The expert panelists said it is important for the United States to continue bombing missions against ISIS while maintaining advisors in the region to bolster local forces fighting the group.

But Seth G. Jones, director of the RAND International Security and Defense Policy Center, cautioned that sending U.S. ground troops to the region would likely be unpopular at home and could spark a surge in radicalization in the region, just as the U.S. invasion of Iraq fostered radicalization across the region a decade ago.

Panel moderator Karen House noted that on a recent trip to Saudi Arabia she spoke with two acquaintances whose sons were attracted by the ISIS call to arms. One son left home to fight with the group and the other expressed interest in joining the fight. House, former publisher of The Wall Street Journal, is author of the book On Saudi Arabia: Its People, Past, Religion, Fault Lines — and Future.

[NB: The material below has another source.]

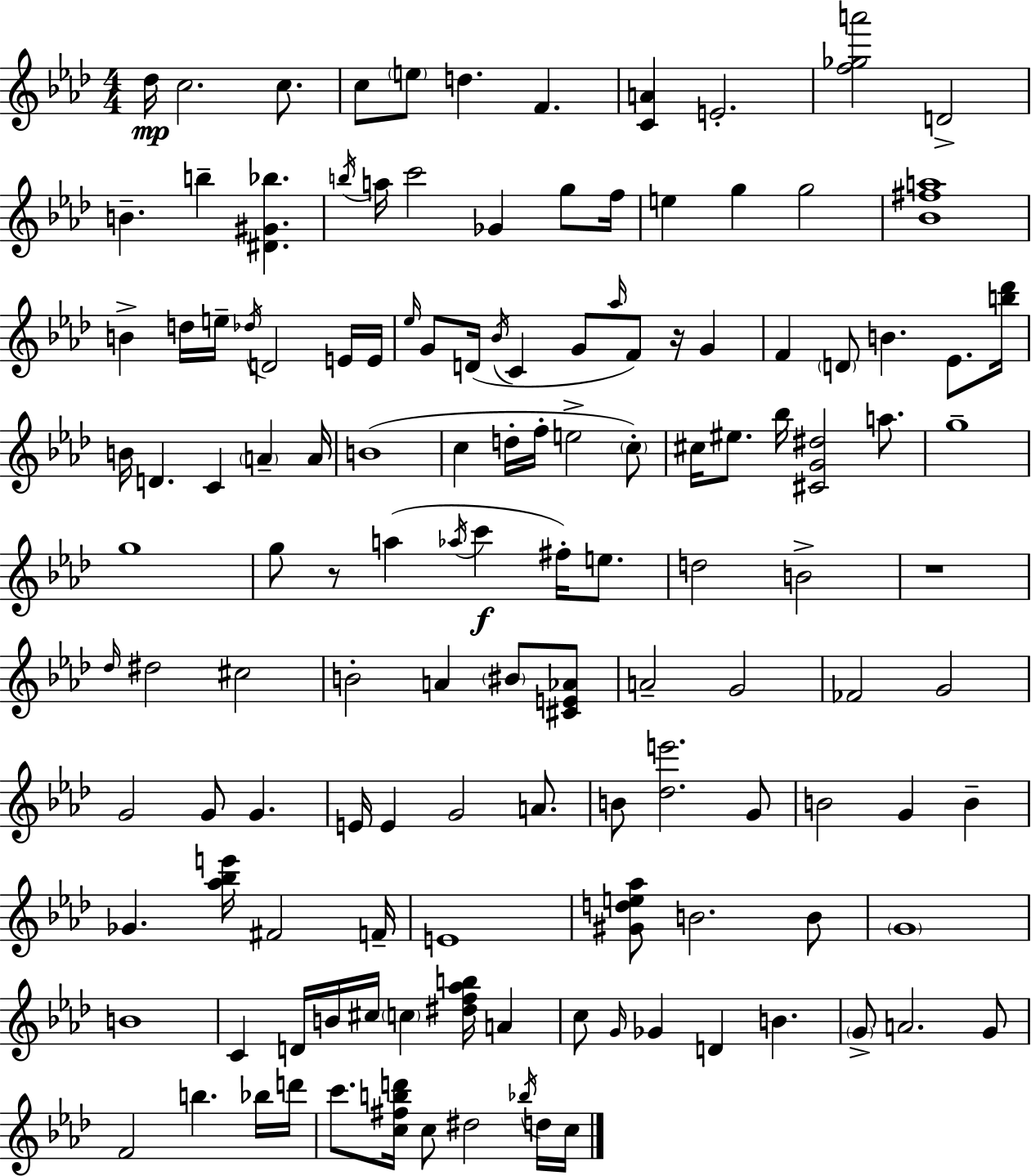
Db5/s C5/h. C5/e. C5/e E5/e D5/q. F4/q. [C4,A4]/q E4/h. [F5,Gb5,A6]/h D4/h B4/q. B5/q [D#4,G#4,Bb5]/q. B5/s A5/s C6/h Gb4/q G5/e F5/s E5/q G5/q G5/h [Bb4,F#5,A5]/w B4/q D5/s E5/s Db5/s D4/h E4/s E4/s Eb5/s G4/e D4/s Bb4/s C4/q G4/e Ab5/s F4/e R/s G4/q F4/q D4/e B4/q. Eb4/e. [B5,Db6]/s B4/s D4/q. C4/q A4/q A4/s B4/w C5/q D5/s F5/s E5/h C5/e C#5/s EIS5/e. Bb5/s [C#4,G4,D#5]/h A5/e. G5/w G5/w G5/e R/e A5/q Ab5/s C6/q F#5/s E5/e. D5/h B4/h R/w Db5/s D#5/h C#5/h B4/h A4/q BIS4/e [C#4,E4,Ab4]/e A4/h G4/h FES4/h G4/h G4/h G4/e G4/q. E4/s E4/q G4/h A4/e. B4/e [Db5,E6]/h. G4/e B4/h G4/q B4/q Gb4/q. [Ab5,Bb5,E6]/s F#4/h F4/s E4/w [G#4,D5,E5,Ab5]/e B4/h. B4/e G4/w B4/w C4/q D4/s B4/s C#5/s C5/q [D#5,F5,Ab5,B5]/s A4/q C5/e G4/s Gb4/q D4/q B4/q. G4/e A4/h. G4/e F4/h B5/q. Bb5/s D6/s C6/e. [C5,F#5,B5,D6]/s C5/e D#5/h Bb5/s D5/s C5/s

Brian Jenkins, special assistant to the president of RAND and a terrorism expert, said it is believed that fewer than 200 Americans have traveled to the Middle East to become ISIS fighters. But across Europe the problem is much larger, with more than 2,000 leaving to join the ranks of the group.

Should those fighters return home, they pose a much greater risk in many parts of Europe than they do to the United States, Jenkins said. Jenkins is the author of a new RAND publication called “When Jihadis Come Marching Home,” which explores the threats posed by Westerners who return home after fighting for ISIS or other terrorist groups.

Jones said the United States and other nations need to do a better job of pushing back against ISIS propaganda that attracts many young men to its cause. There are many who have gone to fight, only to return home disillusioned with what they have experienced, he said.

View from the Seats

Q&A with Ann Korologos, Chairman Emeritus of The Aspen Institute and Former U.S. Secretary of Labor

What did you find interesting in this panel discussion?

The discussion on the motivation of the Western Europeans, and some Americans, going over there to fight was extraordinarily interesting to me. Some of them have no family or they have personal issues. So it becomes a very personal motivation to go somewhere to do something. Or a second motivation of the idea of an Islamic state is very provocative. Those doing recruiting have at least the appearance of success, the way the news reports it.

Did you gain new insights into why westerners get recruited?

An issue I'm closer to, having lived in Belgium for a few years, is the make-up of key European countries, like Germany, France and Belgium. They have very large groups of Arabs, or Muslim-Arab residents who have been citizens of those countries for two or three generations, yet still they're sidelined. That creates fertile opportunity for recruitment. The sociological aspects of what's going on were interesting.

What were other thought-provoking aspects?

It gave me the flavor from three different viewpoints—four really, including the moderator. They are people with expertise, and historical knowledge that this has been going on for thousands of years. At the same time, the United States is much more vulnerable in the disagreements among these populations.